During a post-simulation debriefing, participants reflected on the difficulty of reaching a consensus on crucial issues, such as environmental and labour standards or financial transparency requirements, with limited time and multiple competing interests. Issues that seemed black and white in a Western context appeared highly complex when considered through a global lens and taking into account local stakeholders. Players were forced to challenge their personal biases and reconsider issues such as global mining standards and child labour prohibition from different perspectives. On the one hand, wealthy, powerful nations strongly supported the implementation of mining standards. However, they were faced with strong opposition from resource-rich nations; they perceived this proposition as a threat to their right to self-determination, and industry coalitions, who argued that increased legislation would raise costs and slow down production of metals. Similarly, policies banning child labour faced opposition from nations in which the economic consequences could be devastating for families highly reliant on these sources of income.
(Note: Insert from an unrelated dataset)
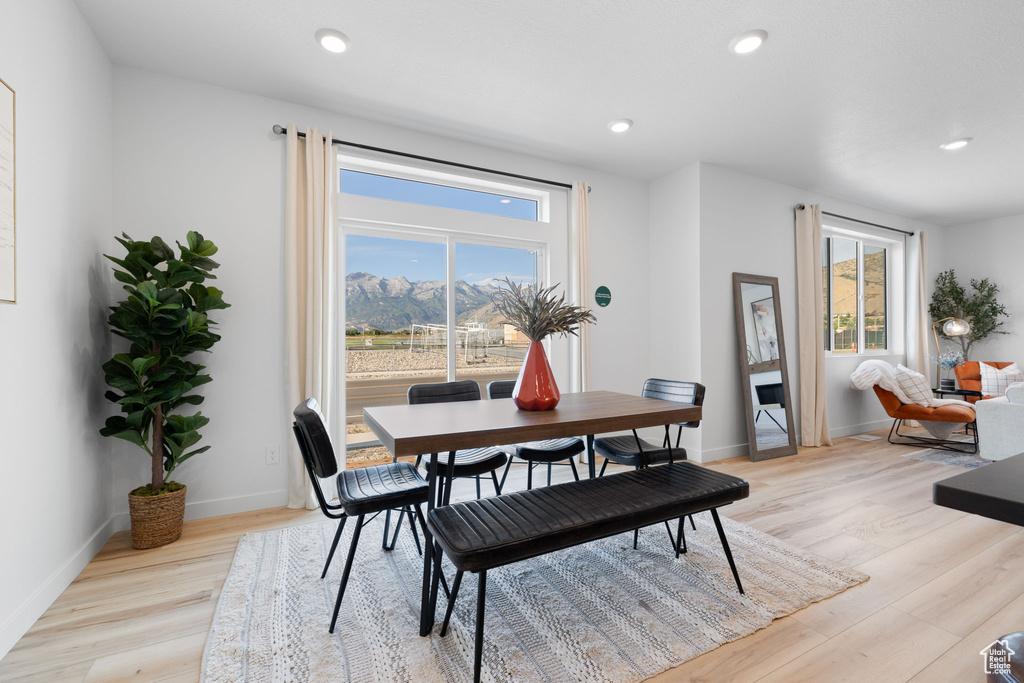 Dining area with light hardwood / wood-style flooring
Just like in a real-world scenario, participants did not reach a consensus on most of the policy proposals. However, they gained understanding of the stakes of policy and diplomacy, and fresh perspectives on challenges associated with a global transition to clean energy. Through the knowledgeable mix of global and local, government and civil society, scientific and industry stakeholders, the simulation illustrated both the complexity of the science-policy-society interface and the need for stakeholder dialogues and international cooperation.
Through this interface, participants experienced science diplomacy negotiations and the need to rethink the siloed approach to science and diplomacy. This type of exercise not only raises awareness in our next generation of researchers to better understand the role of science in society, but also serves as a capacity-building tool for better incorporation of science into the policy and diplomatic processes.